Welcome to a small but significant corner of one of my favorite places in Maine, the Rachel Carson National Wildlife Refuge.
A small corner, because the bits and pieces of the refuge’s 14-plus square miles are spread along more than fifty miles of Maine Coast, taking in a wide variety of environments.
At first glance, the refuge seems calm and unexciting, and you can enjoy it that way if you wish, quietly observing, with no carousels or candy stands to distract.
But wildlife refuges aren’t just what you see; they are active environments whose real purpose is about themselves, rather than about us. At Rachel Carson’s various sites, there are beaches, tidal salt marshes, dunes, uplands and more.
It’s home to a wide variety of plants and animals; for the endangered piping plover, it’s a key nesting place. The various areas of the refuge are not just samples to be observed, they are the living environment and protections for its future.
The bridge between the two functions, between the environment and the humans, is the excellent documentation and marked trails through the space, answering questions, indeed telling us sometimes what questions need to be asked: Why do the different areas differ in vegetation? How do the tides affect the upland areas? Why are some fungi round and flat while others grow tall pipes?
Even when shapes are similar, the colors vary widely.
It’s also where we unlearn things we thought we knew; the Indian pipes, which I was always sure were fungi, turn out to be a flowering plant, called ‘ghost flower’ by some, that lacks chlorophyll, and therefore can’t obtain energy from sunlight. It solves that problem by living as a parasite on nearby fungi.
Large areas of ferns, ancient survivors, remind us that this is not a fixed condition, but one that has evolved over time, and is still changing. A refuge preserves not only what we see, but its potential for natural change.
For me, visiting a wildlife refuge is quite different from visiting a botanical garden; in a way, botanical gardens emphasize the beauty of the plants, and our relationship to them, but a refuge shows deeper relationships among species and kingdoms, and reminds us of how much can change when any part changes.

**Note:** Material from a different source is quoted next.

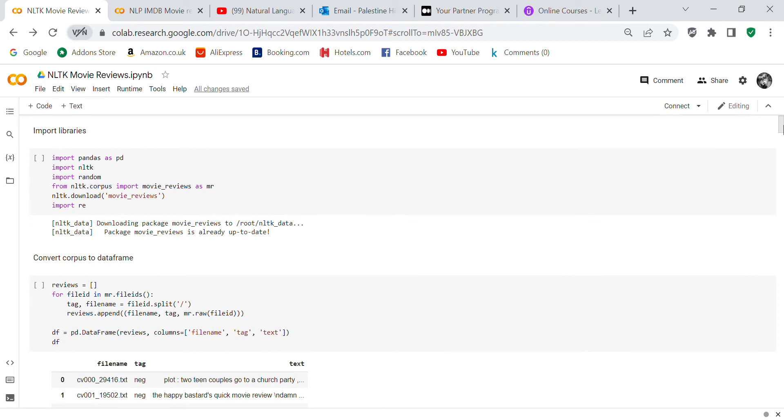We're going to import pandas as pd, import NLTK, import random, import nltk.corpus, from nltk.corpus import movie_reviews as mr, download NLTK, download movie_reviews, and import re.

That emphasis on interrelationships especially makes this refuge’s name appropriate; its was created in 1966, only four years after Carson’s pioneering book Silent Spring alerted the world to the effect of widespread pesticide use on songbirds, and through them on insects, humans and more. She had already spent years studying the environment in southern Maine; her first major work, The Edge of the Sea, focused on life in the area’s tide pools.
The refuge has continued to grow since I took these photos in 2008; new areas have been added at both the northern and southern ends, and the eleven divisions stretch from Kittery in the south to Cape Elizabeth, just south of Portland.
These pictures, and the most visitable areas are around the Refuge’s headquarters near Wells, Maine. The entrance is on Route 9, near exit 19 on Route I-95.